The door opened and James Crannell strode in, a slim folder of papers under his arm. He thrust his hand forward and shook Reuben’s. ‘Sorry,’ he said. ‘Been over in the animal house, then in the confusing world of the chemistry department. Long story. Hey, that looks good, Anna. Cells finally playing ball?’
Anna nodded slowly, her eyes glued to the screen. ‘So far so positive,’ she answered.

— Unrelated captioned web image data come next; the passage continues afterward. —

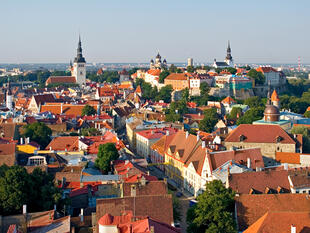 Blick auf Tallinns Altstadt 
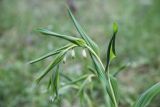 Polygonatum odoratum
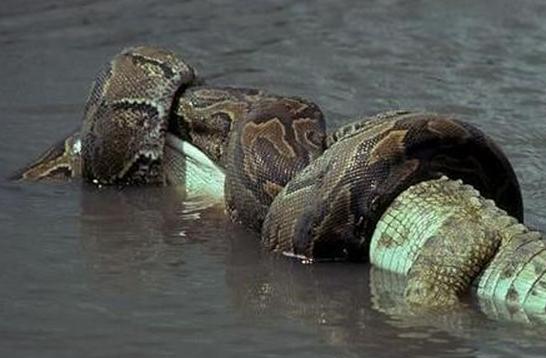 亚马逊绿森蚺电影,亚马逊沼泽巨型绿森蚺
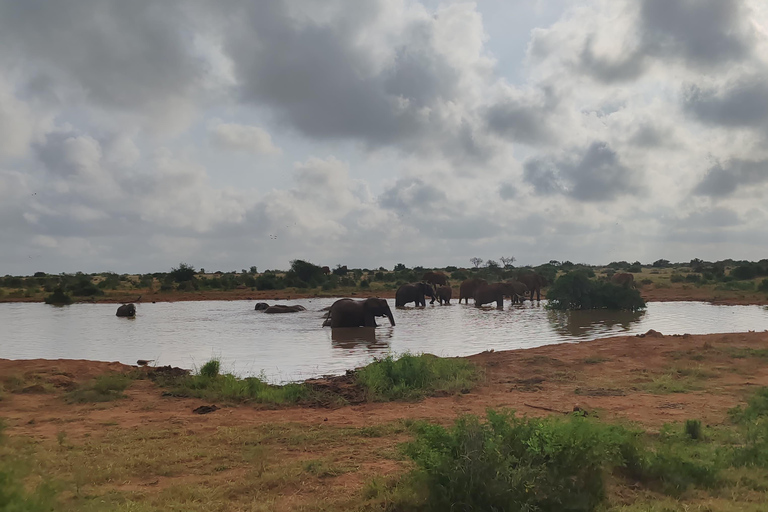 De Watamu: Safari de 2 dias no Parque Nacional Tsavo Este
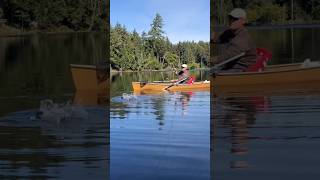 Adirondack Trout Fishing adirondacks [upl. by Lacim478]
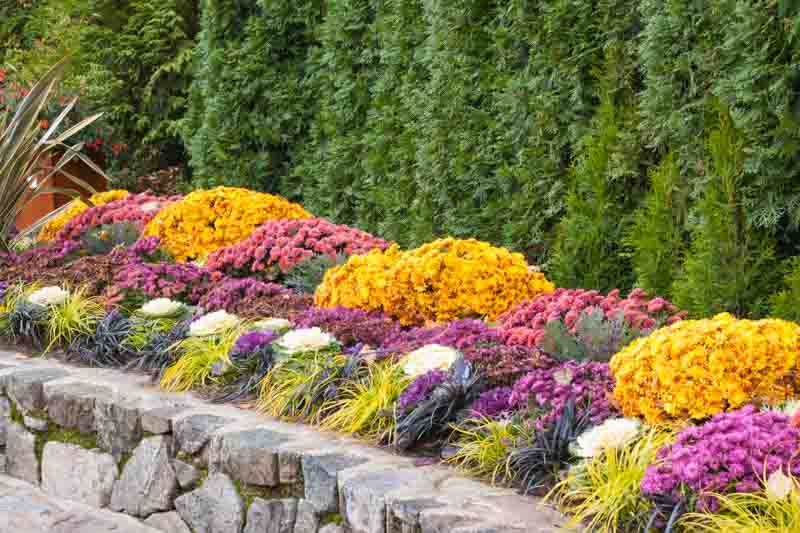 Chrysanthemum, curved stone wall with repeating Gold and pink mums, kale, in front of a green arborvitae hedge.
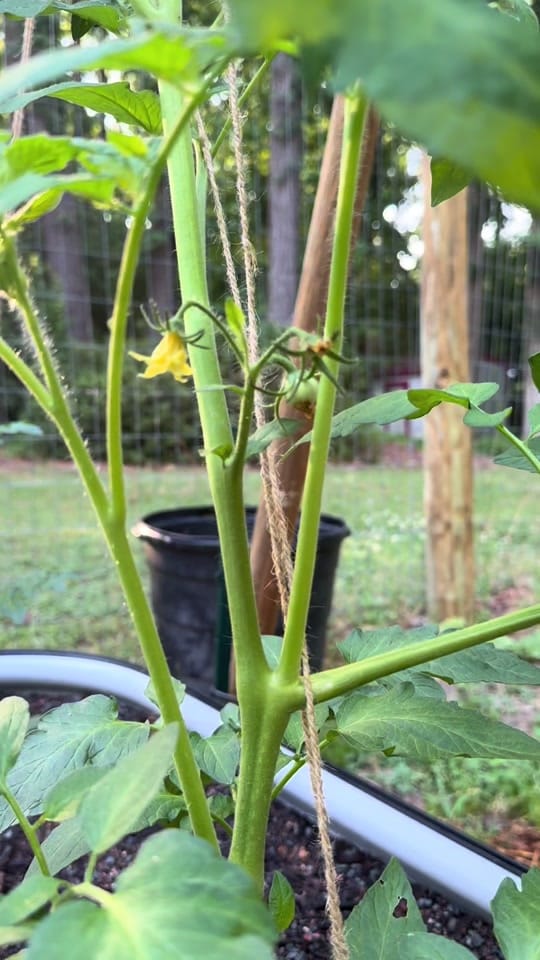Post 1 by Gardening with Wallace | 8a on TikTok (video)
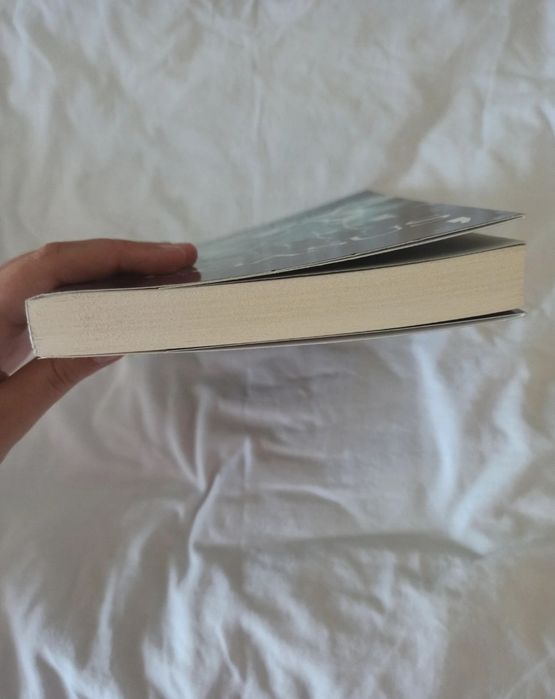 Pegasus e o Fogo do Olimpo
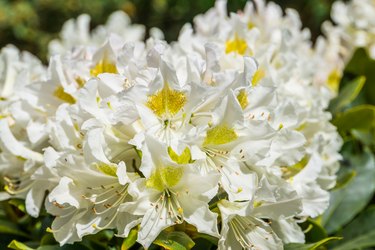 beautiful white rhododendron flowers in macro closeup, popular plant specie from Asia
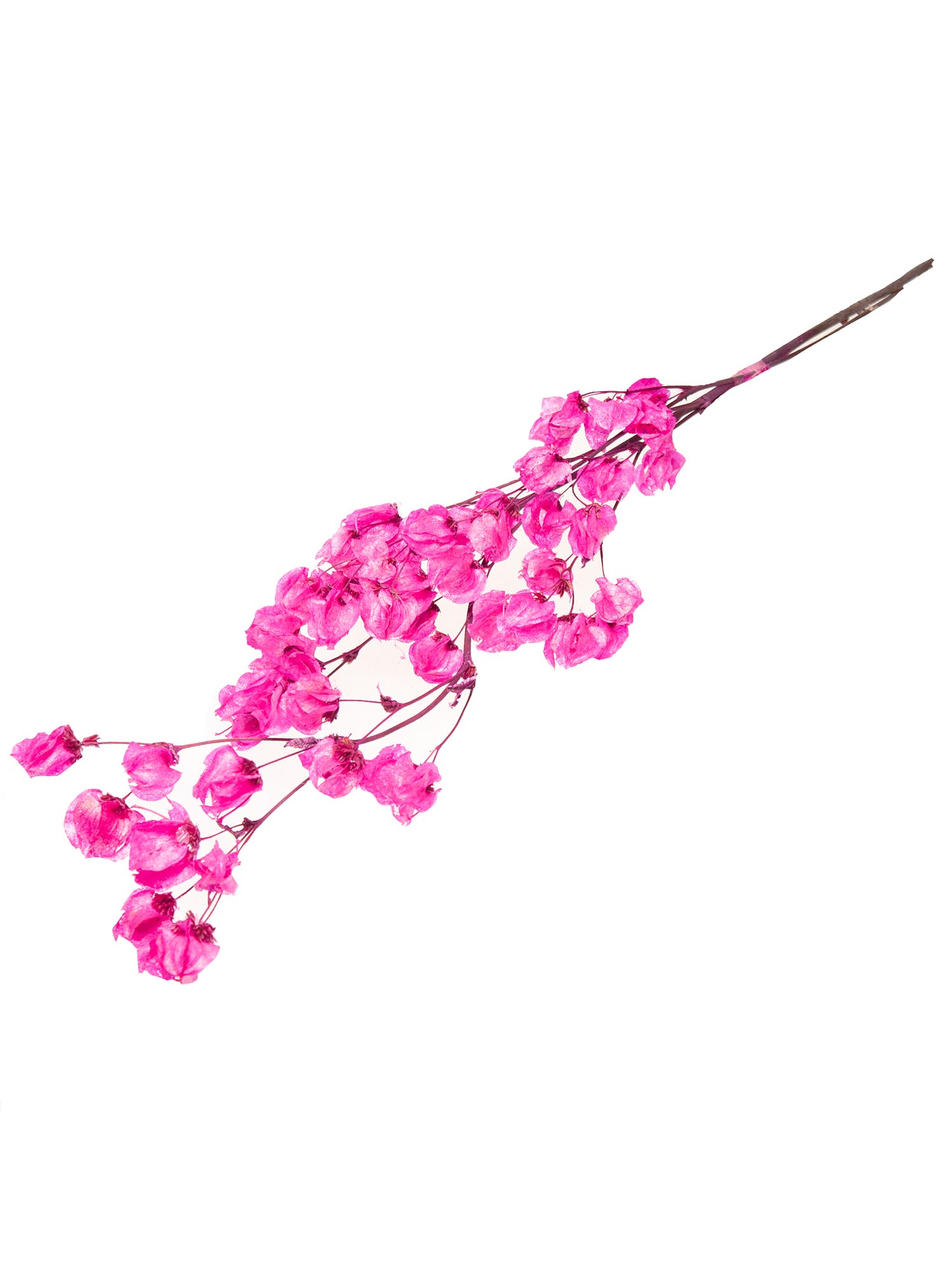 blumigo-bougainvillea-drillingsblume-trockenblumen-pink image 2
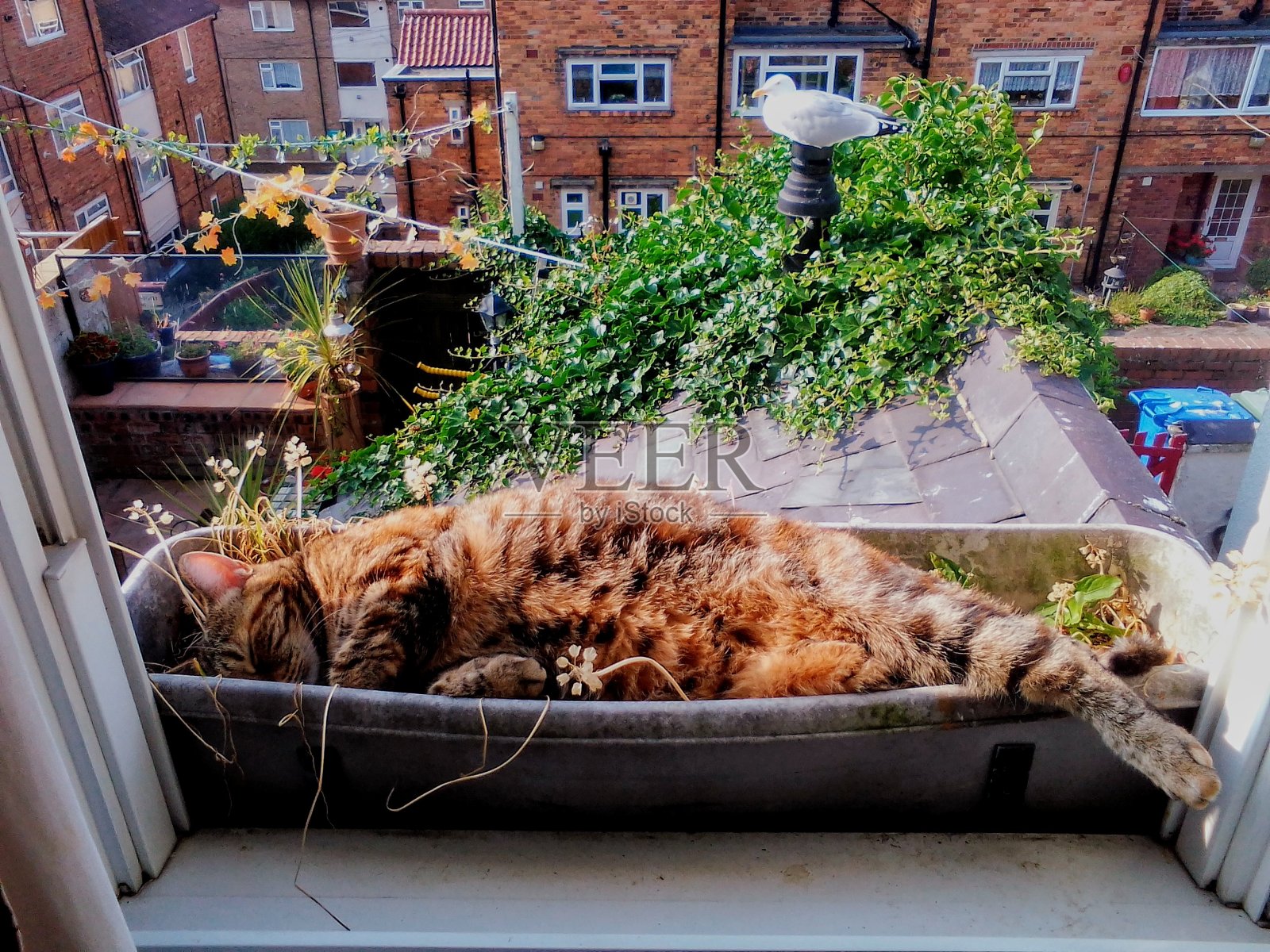 猫在窗台上睡着了照片摄影图片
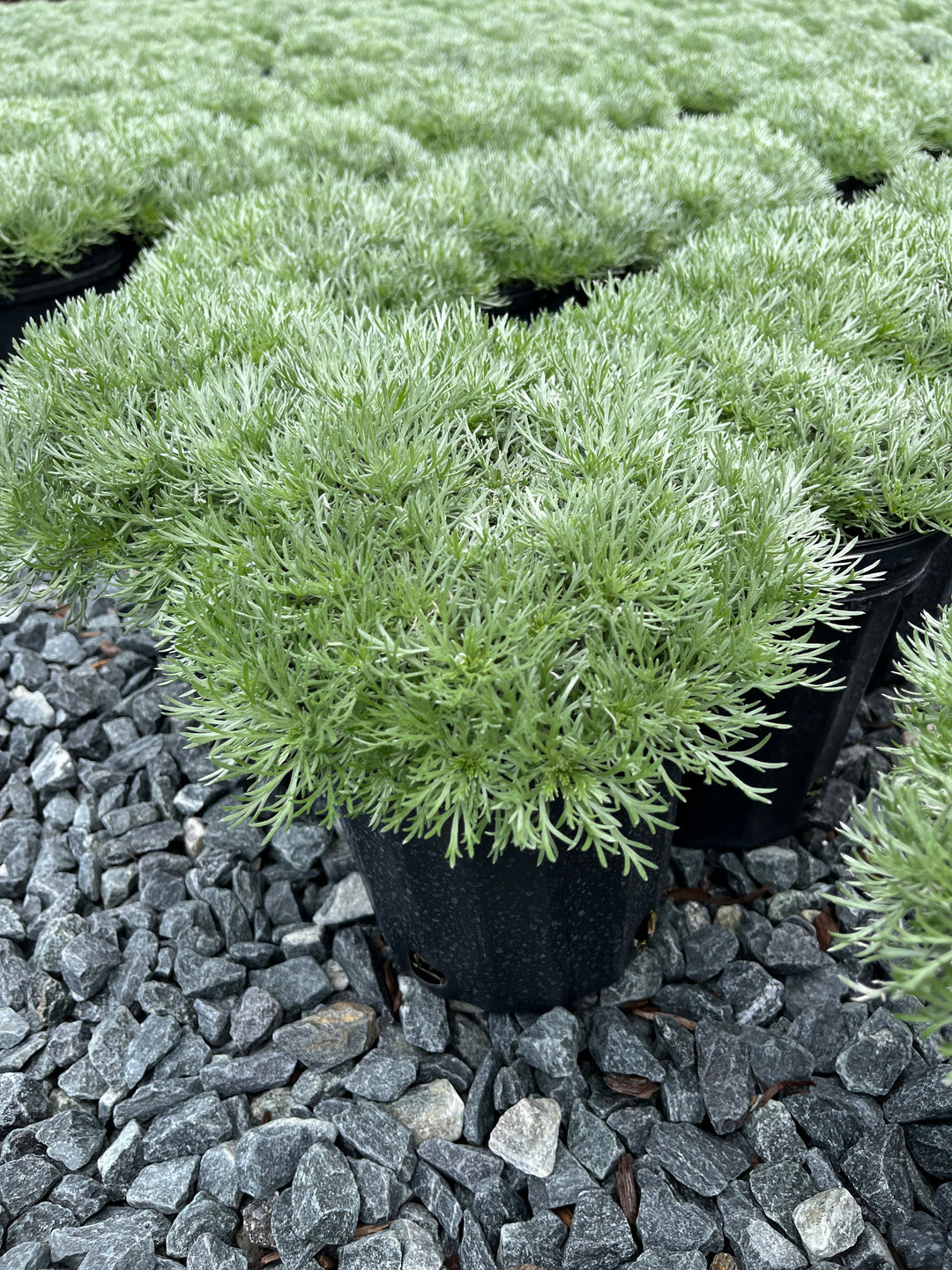 'Silver Mound' (Artemisia schmidtiana 'Nana')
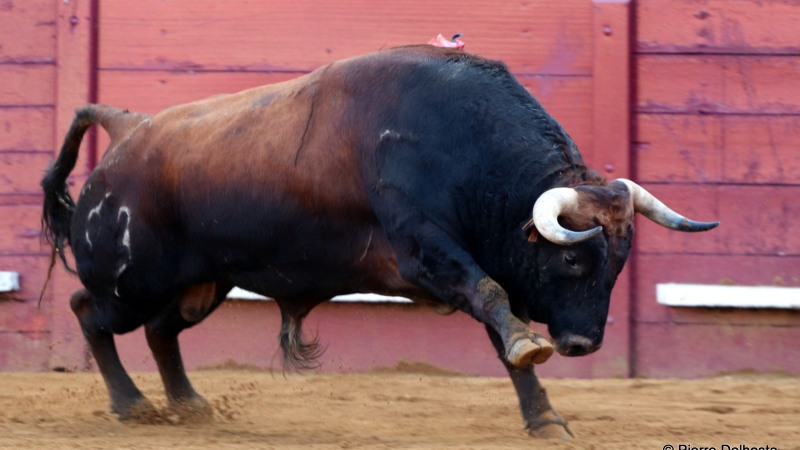 Corrida d'Eauze: toros de Jean-Louis Darré sans envie de combattre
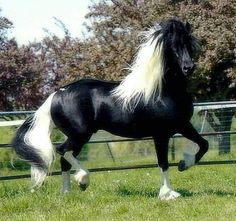 a black and white horse is running in the grass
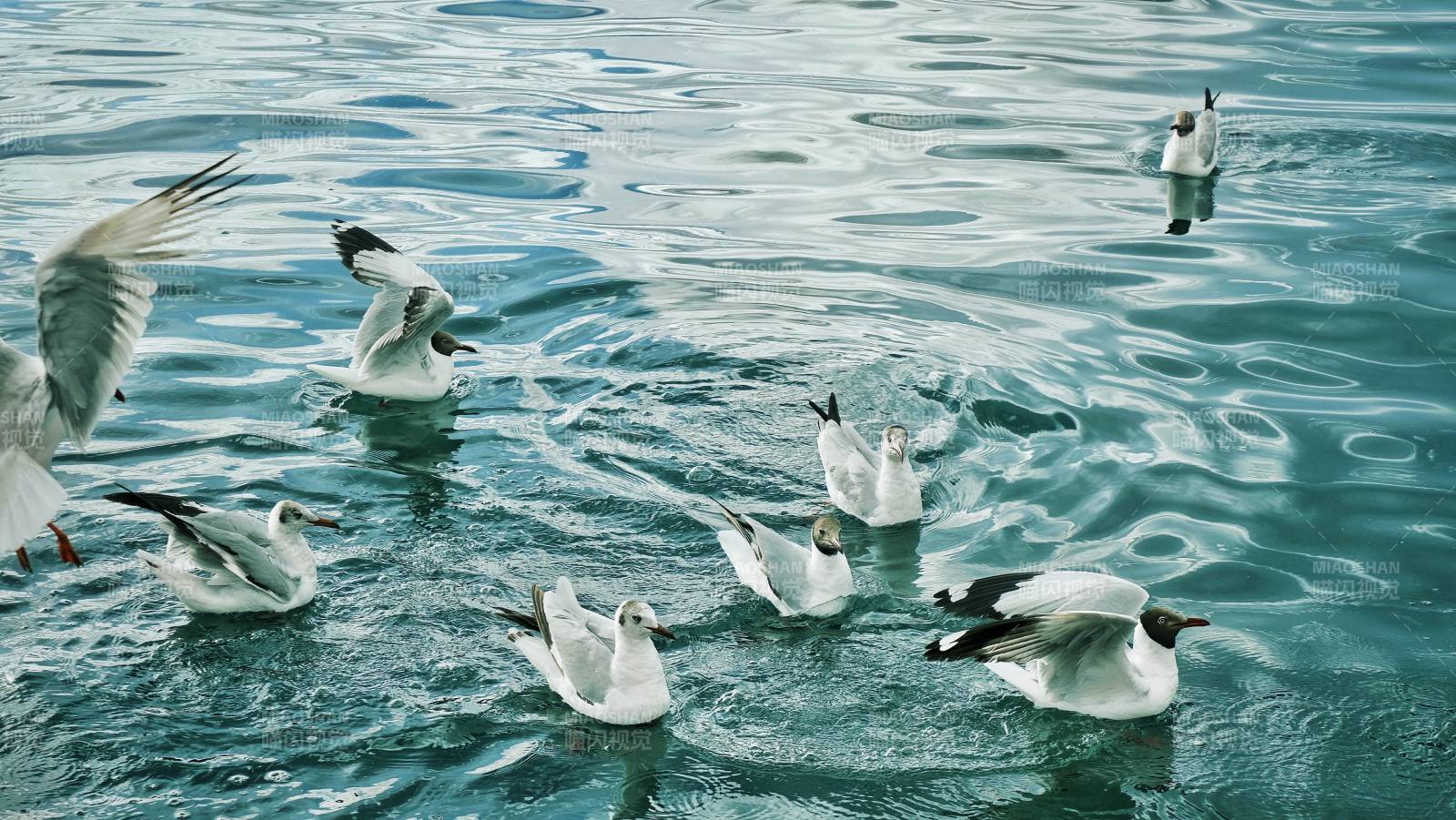 海鸥戏水图图片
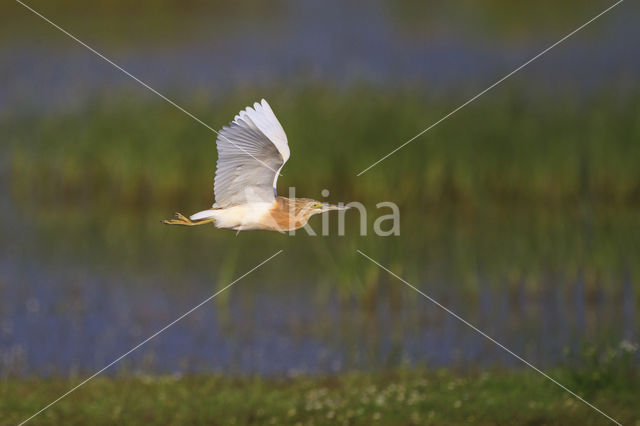 Squacco Heron (Ardeola ralloides)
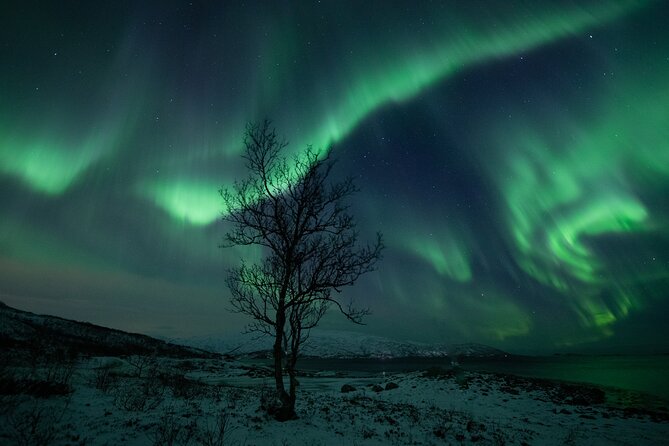 An All-Inclusive Tour - Aurora & Arctic Experience - Who should book this Tromsø outing?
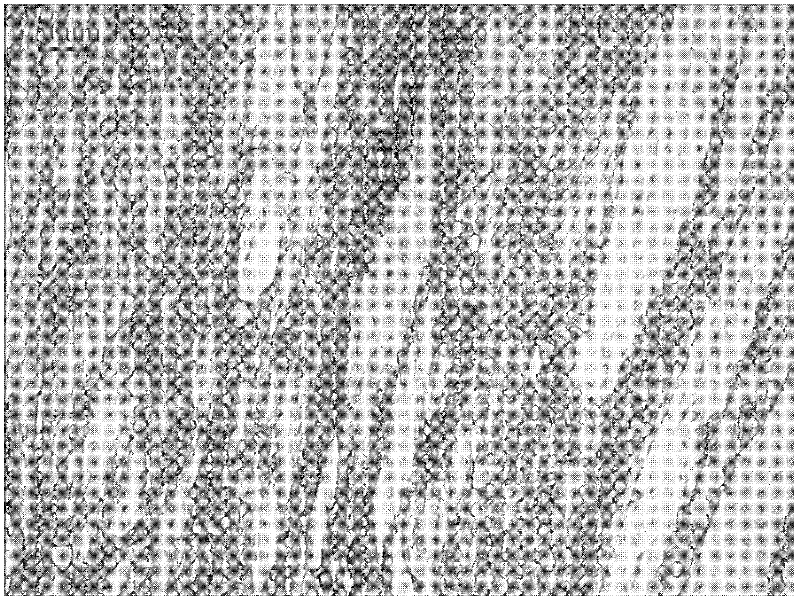 Method for displaying thermal deformation texture of steel used for nuclear power pressure container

James smiled broadly, and ushered Reuben towards his office. When they were both seated, his expression changed, and Reuben could tell that he had been putting on an act. A sadness settled into his features, his head drooping, his eyes becoming dull and listless.
‘Thanks for coming,’ he said.
‘No problem,’ Reuben answered.
‘I’m frightened that it’s starting to get to me.’
‘You won’t be the only one,’ Reuben said.
James Crannell looked up. ‘You mean there are others in the same situation as me?’
‘Five at least.’ The name Danny Pavey came to Reuben. ‘Maybe even six. And that’s just the ones we know about.’
‘Christ. Who are these people?’
‘Ordinary people like yourself. No previous convictions, no outward signs of anything untoward.’
‘But all genetically deviant.’
‘
Potentially
deviant. That’s all we can say at this stage. Like you, they are being systematically targeted, again and again.’
James Crannell ran a tired hand down his face, fingers coming to rest across his mouth. Two days of grey and brown stubble dusted his chin.
‘They even turned up at my wife’s house. Smashed a patio window. Scared the kids something rotten.’
‘I heard,’ Reuben said.
‘I mean, giving me the occasional roughing up would be bearable, if they’d leave my daughters out of it. I can’t understand what pleasure they
would
get from scaring children. What kind of animals are they?’
‘I don’t know. I wish I did, but we’re utterly in the dark. Please try to remember they’re not after your kids. It’s you they want.’
James grunted. ‘Some bloody comfort.’
Reuben stared down at the fingers of his interlocked hands. He rubbed his thumbs together, trying to think of something positive to say, a shred of good news to reassure the man in front of him. He wondered for a second how he would respond if someone came and threatened Joshua, and appreciated he wouldn’t necessarily be as polite as Dr Crannell was.
‘The important thing is not to react.’
‘Yeah, well. That’s what I’m beginning to worry most about. My reaction.’
‘How do you mean?’
Reuben watched him. There was a distance in his eyes, almost a defence mechanism kicking in and making him focus on other things.
After a few seconds, he said, ‘The anger. The helplessness. Switching between fear and pride, between extreme vulnerability and a sense of vengeance.’